I have the following piece of code doing exactly what i want (it is part of a kriging method). But the problem is that it goes too slow, and i wish to know if there is any option to push the for-loop down to numpy? If i push out the numpy.sum, and use the axis argument there, it speeds up a little bit, but apparently that is not the bottleneck. Any ideas on how i can push down the forloop to numpy to speed it up, or other ways to speed it up?)

# n = 2116
print GRZVV.shape  # (16309, 2116)
print GinvVV.shape  # (2117, 2117) 
VVg = numpy.empty((GRZVV.shape[0]))

for k in xrange(GRZVV.shape[0]):
    GRVV = numpy.empty((n+1, 1))
    GRVV[n, 0] = 1
    GRVV[:n, 0] = GRZVV[k, :]
    EVV = numpy.array(GinvVV * GRVV)  # GinvVV is numpy.matrix
    VVg[k] = numpy.sum(EVV[:n, 0] * VV)

I posted the dimensions of the ndarrays n matrix to clear some stuff out

edit: shape of VV is 2116

Answer 1

You could do the following in place of your loop over k (runtime ~3s):

tmp = np.concatenate((GRZVV, np.ones((16309,1),dtype=np.double)), axis=1)
EVV1 = np.dot(GinvVV, tmp.T)
#Changed line below based on *askewchan's* recommendation
VVg1 = np.sum(np.multiply(EVV1[:n,:],VV[:,np.newaxis]), axis=0)

Answer 2

You are basically taking each row of GRZVV, appending a 1 at the end, multiplying it with GinvVV, then adding up all the elements in the vector.
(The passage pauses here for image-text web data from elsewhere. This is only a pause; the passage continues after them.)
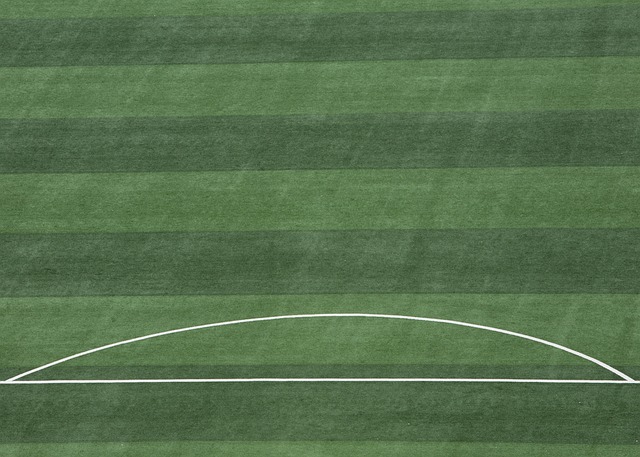 越来越多的 越来越多的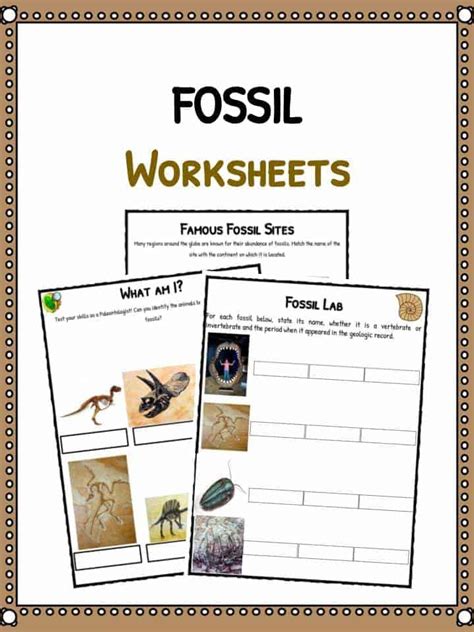 Fossil Facts & Worksheets For Kids History and Famous Sites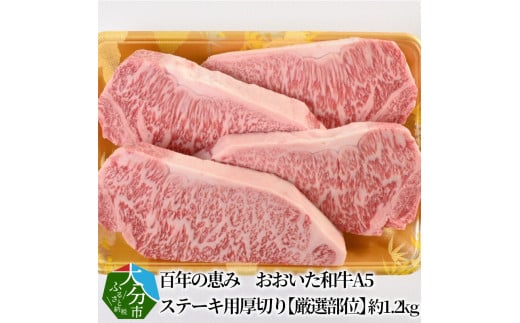 
百年の恵み　おおいた和牛A5　ステーキ用厚切り【厳選部位】約1.2kg 牛肉 和牛 ステーキ 厚切り おおいた和牛 霜降り 肉厚 ロース サーロイン 肩ロース A01105
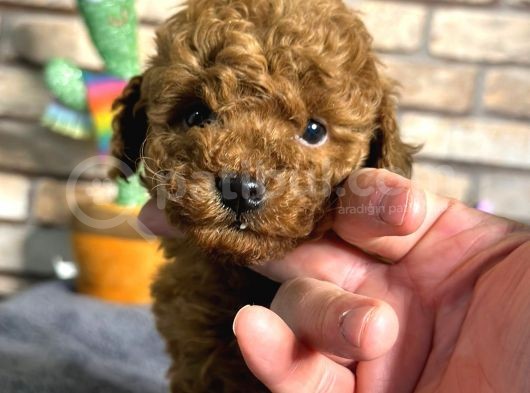 Red Brown Mini Boy Toy Poodle Erkek Yavru görsel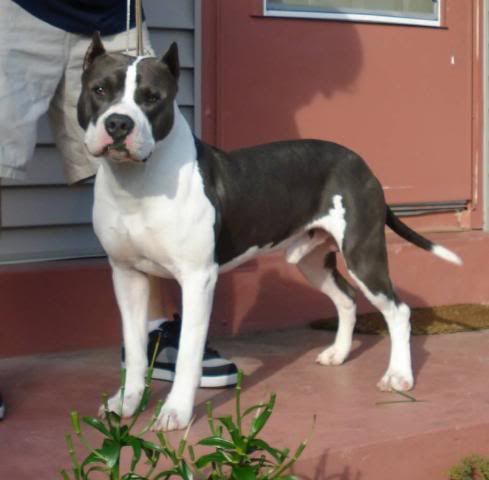 Month of August bred by class entry DSC01611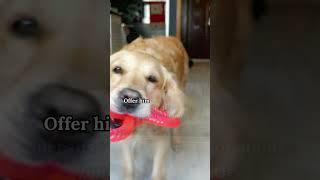 ️Beyond Gold & Glitter: The Love That's Priceless ️ #dogs #shortsvideo #love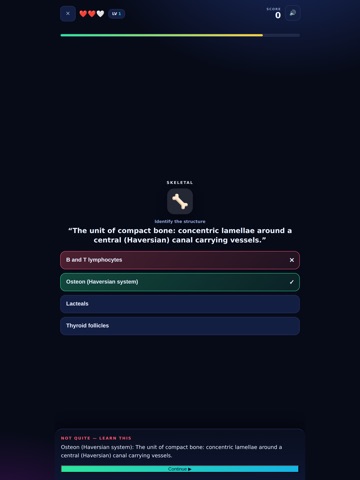 Anatomy Arena iPad screenshot
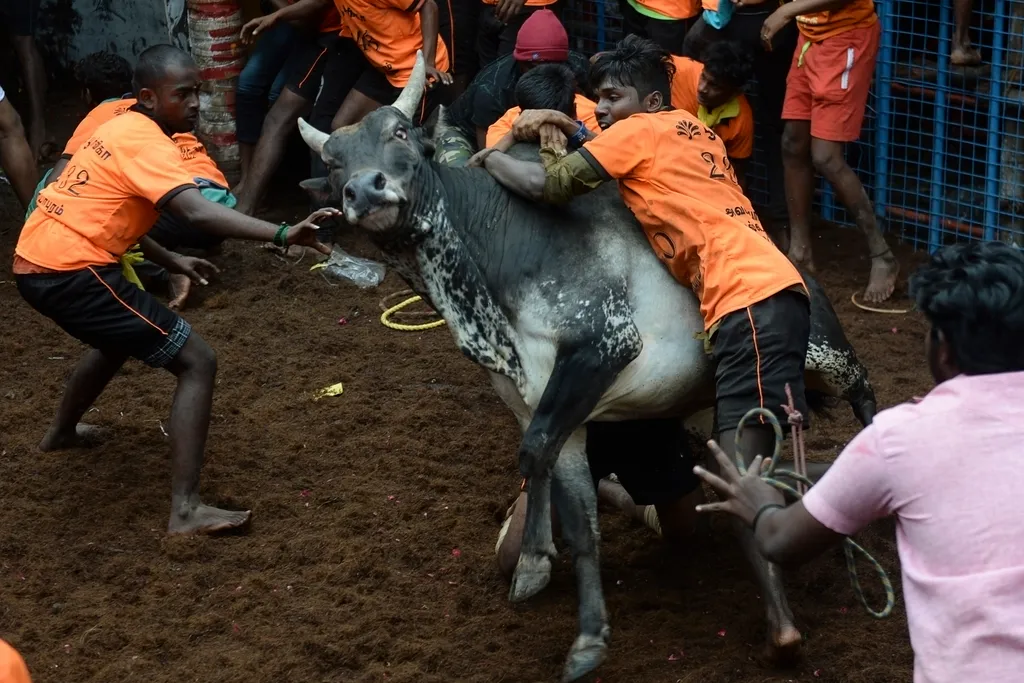 Jallikattu Avaniyapuram bika India Tamil Nadu 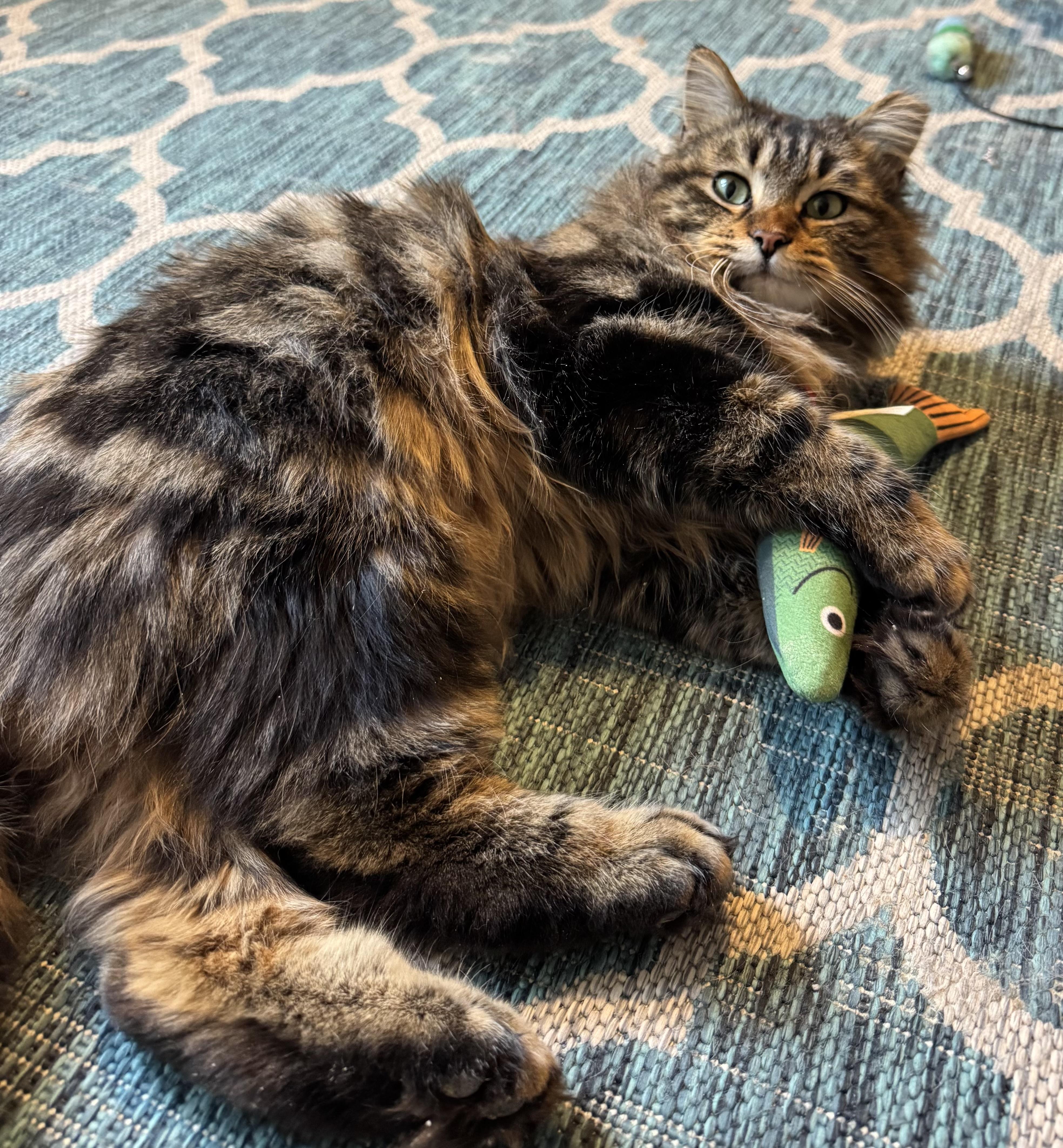 Randi, adoptable, Young Female Domestic Medium Hair.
If you weren't doing the "append 1" thing, you could do it all with no loops as:

VVg = np.sum(np.dot(GinvVV[:, :-1], GRZVV.T), axis=-1) * VV

or even:

VVg = np.einsum('ij,kj->k', GinvVV[:, :-1], GRZVV) * VV

How do we handle that extra 1? Well, the resulting vector coming from the matrix multiplication would be incremented by the corresponding value in GinvVV[:, -1], and when you add them all, the value will be incremented by np.sum(GinvVV[:, -1]). So we can simply calculate this once and add it to all the items in the return vector:

VVg = (np.einsum('ij,kj->k', GinvVV[:-1, :-1], GRZVV) + np.sum(GinvVV[:-1, -1])) * VV

---

The above code works if VV is a scalar. If it is an array of shape (n,), then the following will work:

GinvVV = np.asarray(GinvVV)
VVgbis = (np.einsum('ij,kj->k', GinvVV[:-1, :-1]*VV[:, None], GRZVV) +
          np.dot(GinvVV[:-1, -1], VV))